In the material below, find each line with the string "photo" and copy it.

======== RECORDS FOR THE TASK

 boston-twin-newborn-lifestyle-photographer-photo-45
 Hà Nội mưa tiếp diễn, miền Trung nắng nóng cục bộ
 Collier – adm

================
======== RECORDS FOR THE TASK

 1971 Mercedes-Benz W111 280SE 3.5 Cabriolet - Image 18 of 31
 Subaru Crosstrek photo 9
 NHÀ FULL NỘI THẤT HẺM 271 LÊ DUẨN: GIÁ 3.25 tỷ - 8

================

TASK RESULT
 boston-twin-newborn-lifestyle-photographer-photo-45
 Subaru Crosstrek photo 9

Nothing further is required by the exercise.